- _WHAT THE TASK ASKS_: Output nothing but the lines from the beginning of the listing below through the line containing "A worker walks", exactly as they stand, without pictures.

(DATA SHOWN Opens)

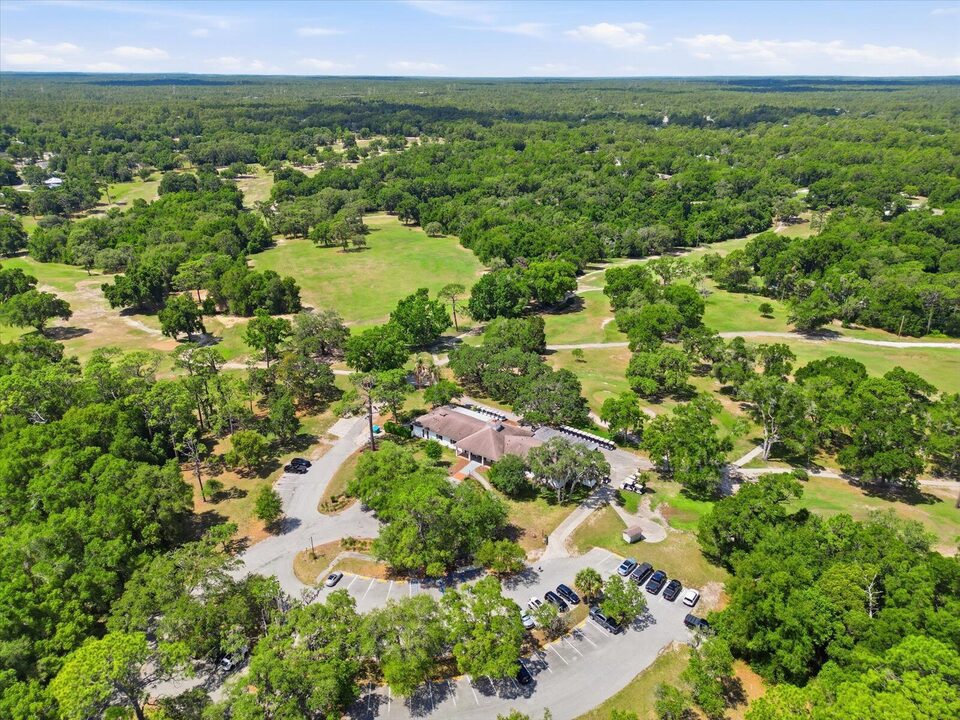 Aerial view of the Citrus Springs Golf and Country Club showing fairways, the clubhouse, and parking lot.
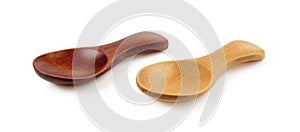 Side view of two small wooden spoons for tea or shugar isolated on white background. Dark and light empty spoons for food design.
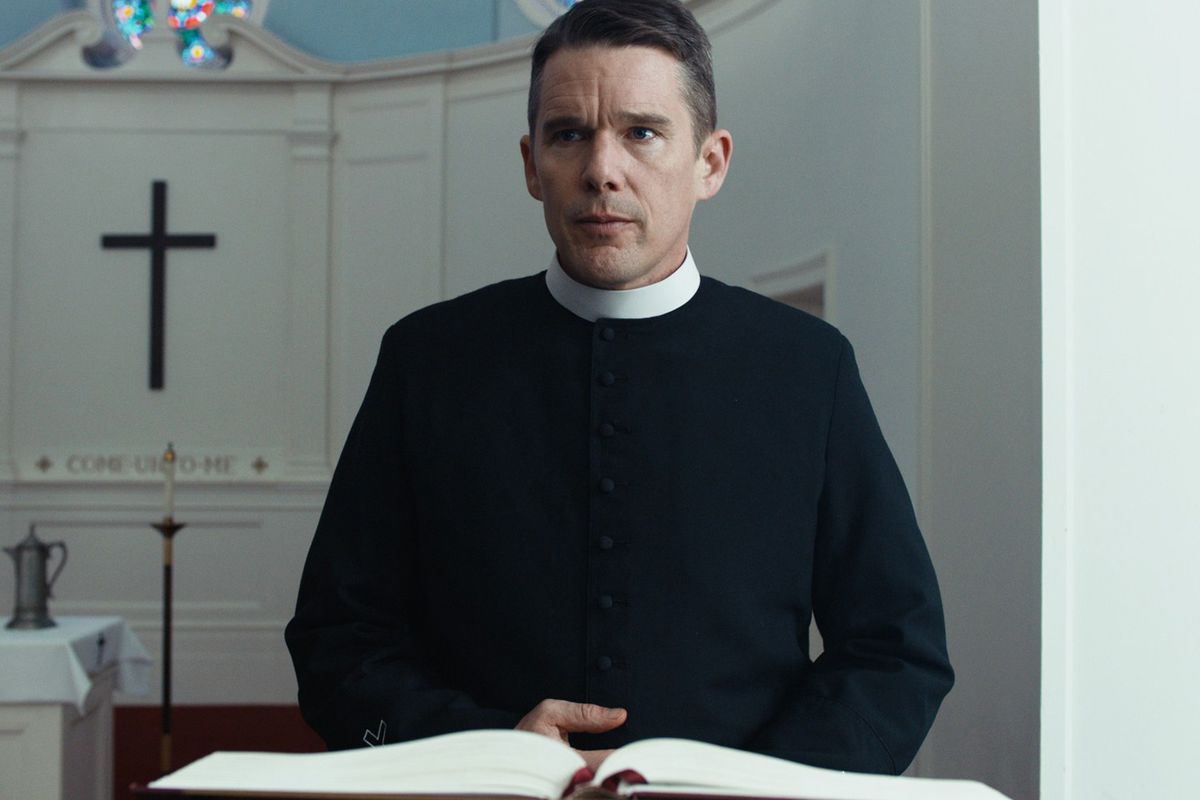 A man in priestly robes (Ethan Hawke) stands behind a lectern with a black cross visible in the background.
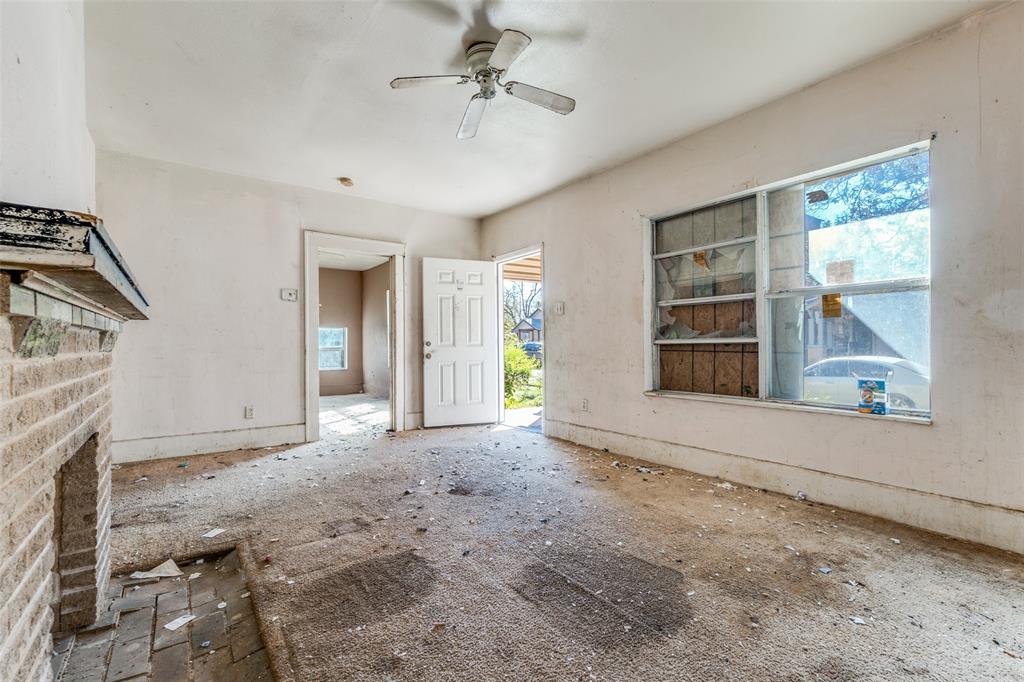 3914 Spence Street Dallas, TX 75215 - Photo 7 of 14 a view of an empty room with a window
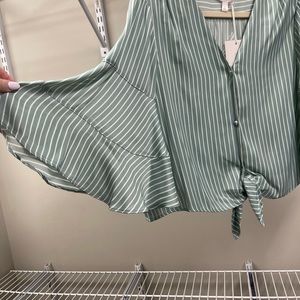 New with tags cute satin light weight top size L -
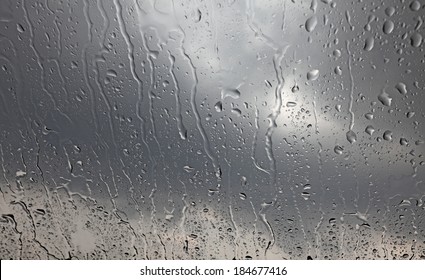 Rain Droplets On A Window Glass Pane With Dark Stormy Clouds In The Background. 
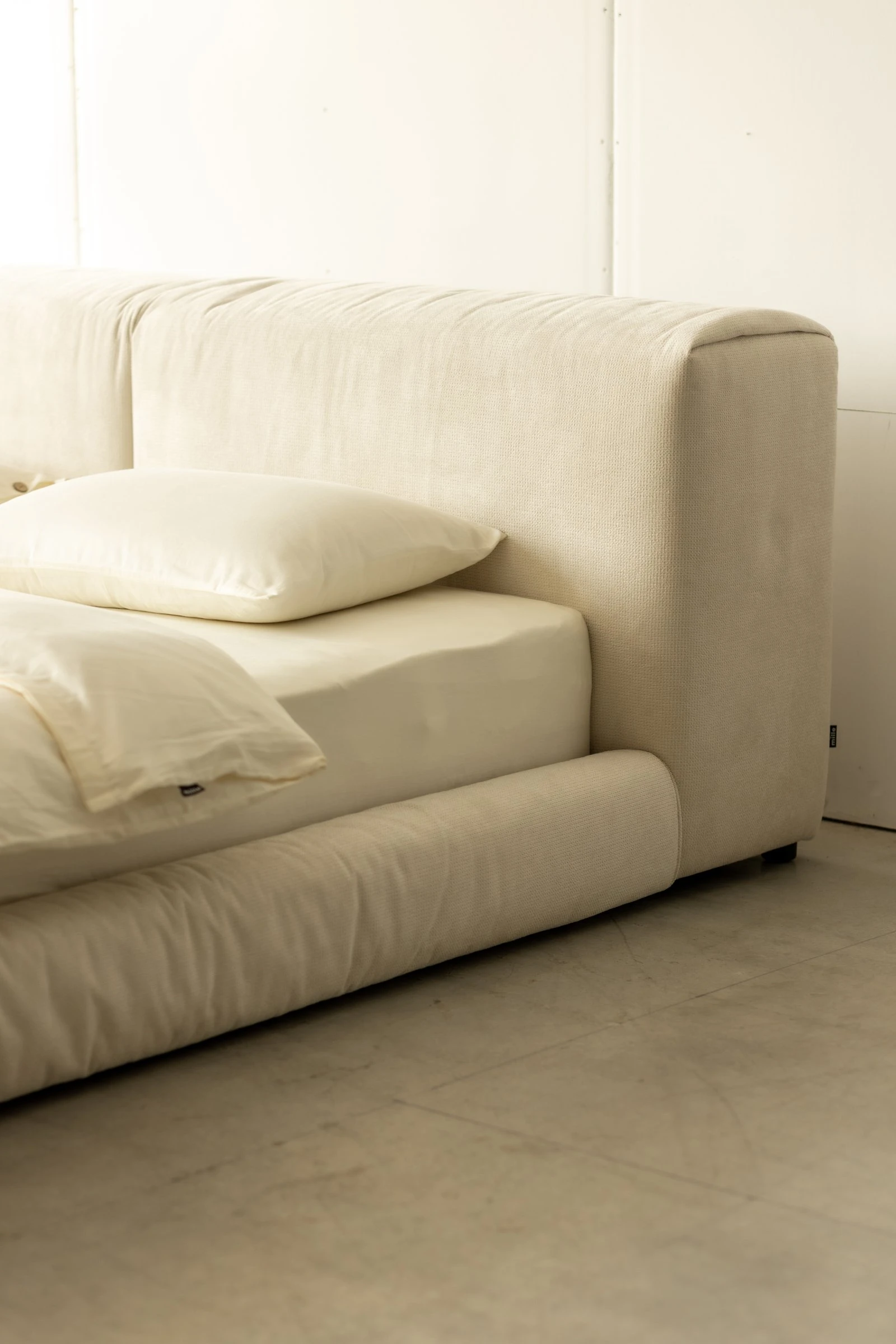 Side detail of the Marmaris showing the slouchy headboard meeting the bed and the rolled bumper at floor level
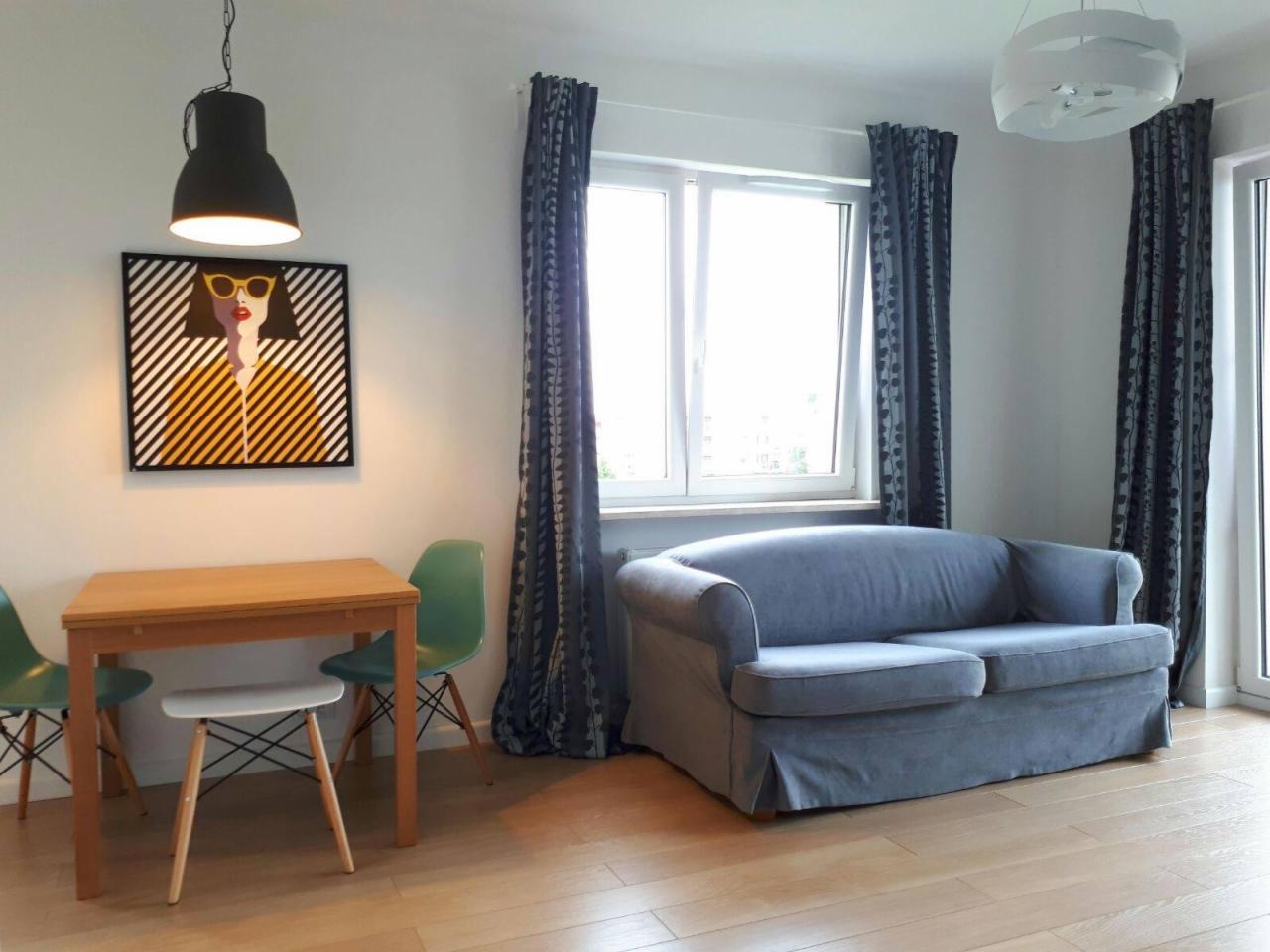 Jasne wnętrze pokoju dziennego z drewnianą podłogą, szarą sofą, zasłonami w kwiatowy wzór, drewnianym stołem z krzesłami i nowoczesnym obrazem na ścianie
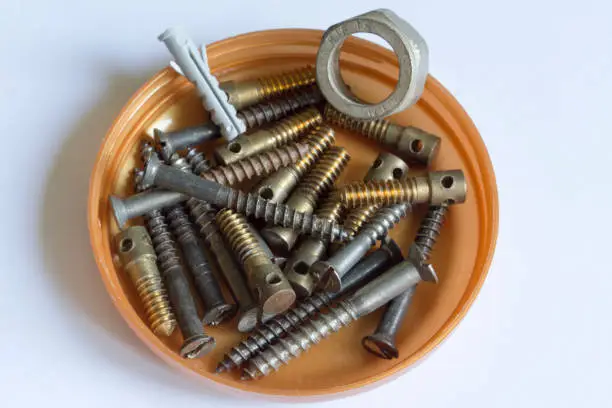 thread; connection; threaded connection; bolt; nut; self-tapping screw; anchor; fasteners; background; white; brown; material; metal; plastic; technology; manufacturing; cover;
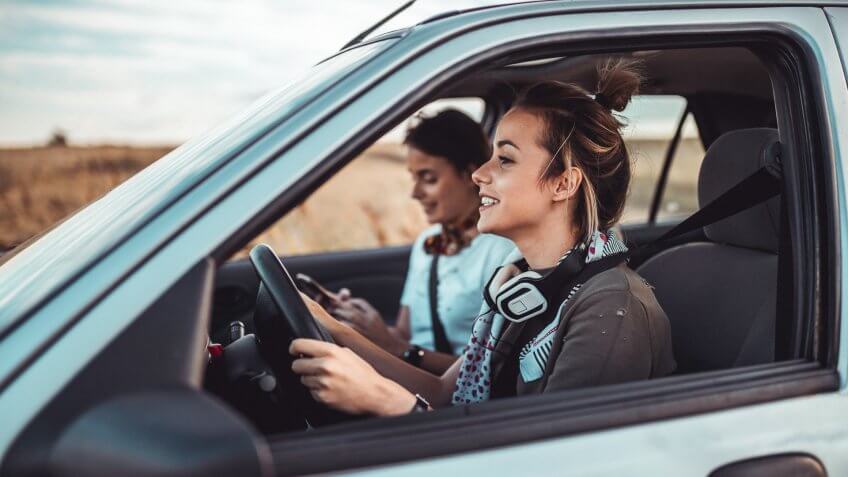 Beautiful twin sisters driving a car and enjoying summer road trip.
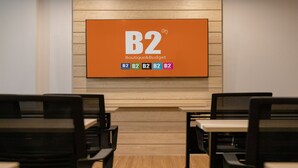 Ein Konferenzraum mit einer großen Leinwand, auf der die Logos 'B2 Boutique&Budget' und 'B2 Premier' zu sehen sind. Zwei schwarze Stühle sind auf den Bildschirm gerichtet.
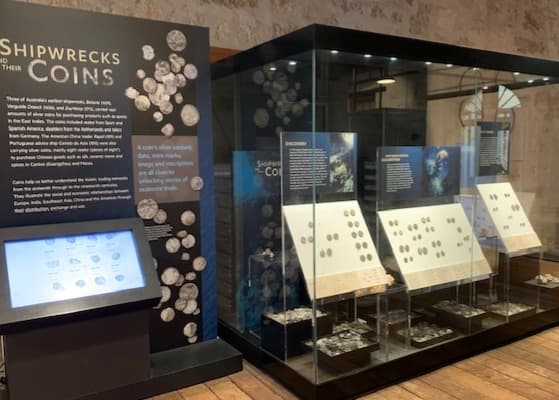 A cabinet displaying silver coins in many currencies, found on shipwrecks from the Western Australian coast. The coins glimmer in the cabinet spotlight. Next to the showcase is an information panel and a touch screen featuring more information on the coins.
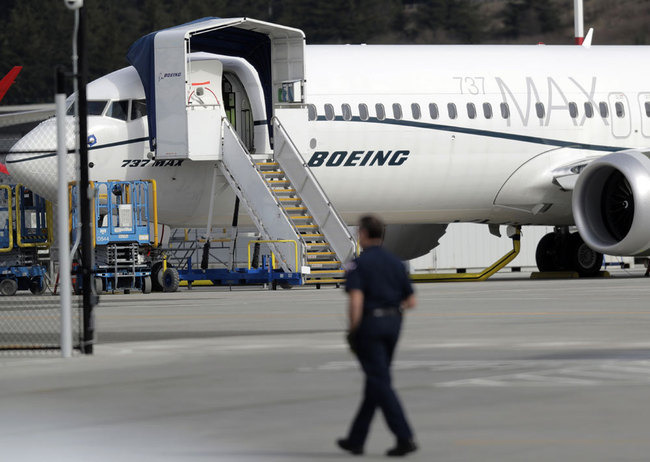 A worker walks next to a Boeing 737 MAX 8 airplane parked at Boeing Field, Thursday, March 14, 2019, in Seattle. [File photo: AP/Ted S. Warren]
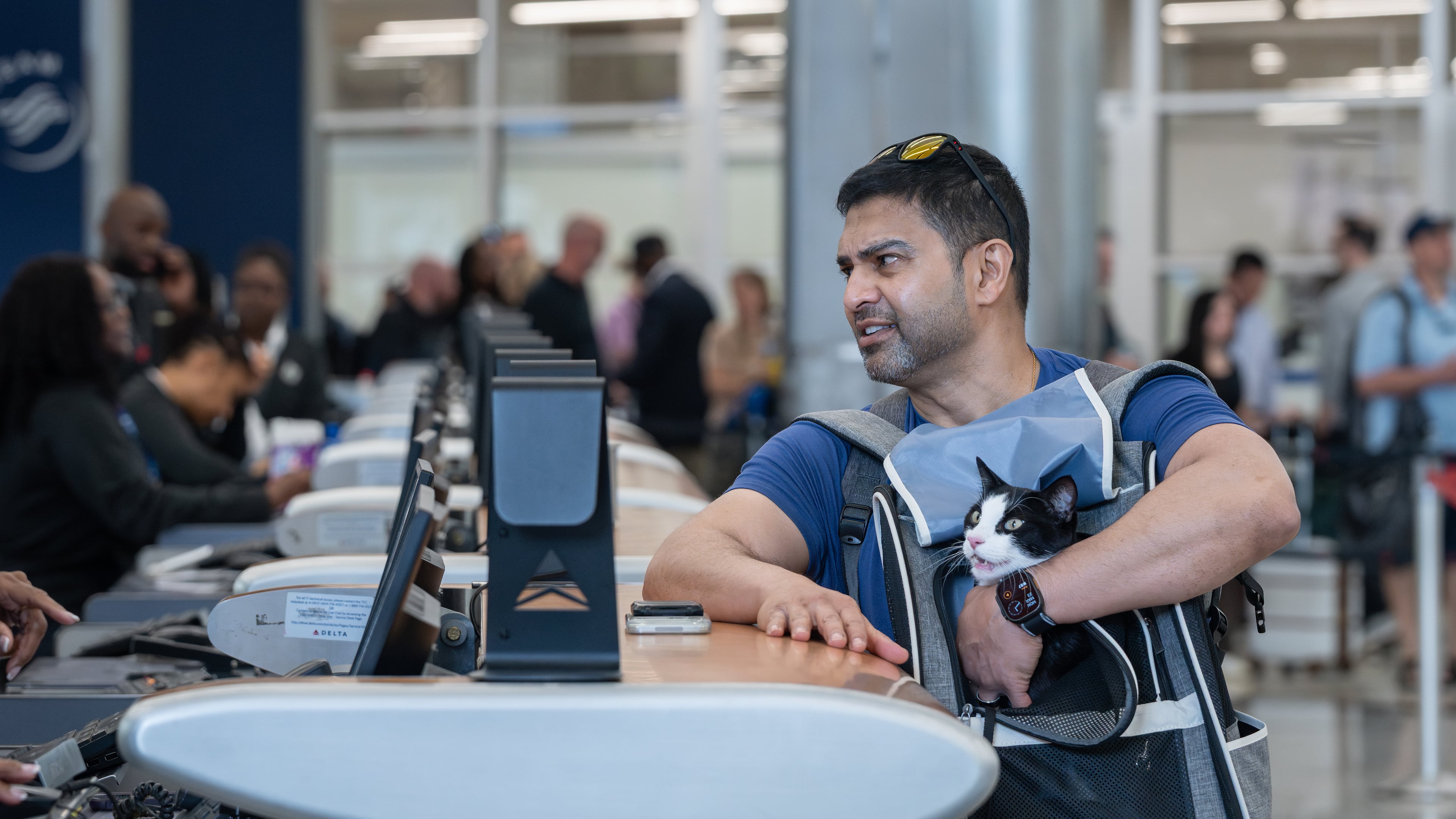 Rj Islam holds his cat Babayaga while checking a bag with Delta Air Lines at Hartsfield-Jackson Atlanta International Airport amid the ongoing partial government shutdown on Monday, March 23, 2026. (Ben Hendren for the AJC)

(DATA SHOWN Closes)

- _SOLUTION BELOW_:
 Aerial view of the Citrus Springs Golf and Country Club showing fairways, the clubhouse, and parking lot.
 Side view of two small wooden spoons for tea or shugar isolated on white background. Dark and light empty spoons for food design.
 A man in priestly robes (Ethan Hawke) stands behind a lectern with a black cross visible in the background.
 3914 Spence Street Dallas, TX 75215 - Photo 7 of 14 a view of an empty room with a window
 New with tags cute satin light weight top size L -
 Rain Droplets On A Window Glass Pane With Dark Stormy Clouds In The Background. 
 Side detail of the Marmaris showing the slouchy headboard meeting the bed and the rolled bumper at floor level
 Jasne wnętrze pokoju dziennego z drewnianą podłogą, szarą sofą, zasłonami w kwiatowy wzór, drewnianym stołem z krzesłami i nowoczesnym obrazem na ścianie
 thread; connection; threaded connection; bolt; nut; self-tapping screw; anchor; fasteners; background; white; brown; material; metal; plastic; technology; manufacturing; cover;
 Beautiful twin sisters driving a car and enjoying summer road trip.
 Ein Konferenzraum mit einer großen Leinwand, auf der die Logos 'B2 Boutique&Budget' und 'B2 Premier' zu sehen sind. Zwei schwarze Stühle sind auf den Bildschirm gerichtet.
 A cabinet displaying silver coins in many currencies, found on shipwrecks from the Western Australian coast. The coins glimmer in the cabinet spotlight. Next to the showcase is an information panel and a touch screen featuring more information on the coins.
 A worker walks next to a Boeing 737 MAX 8 airplane parked at Boeing Field, Thursday, March 14, 2019, in Seattle. [File photo: AP/Ted S. Warren]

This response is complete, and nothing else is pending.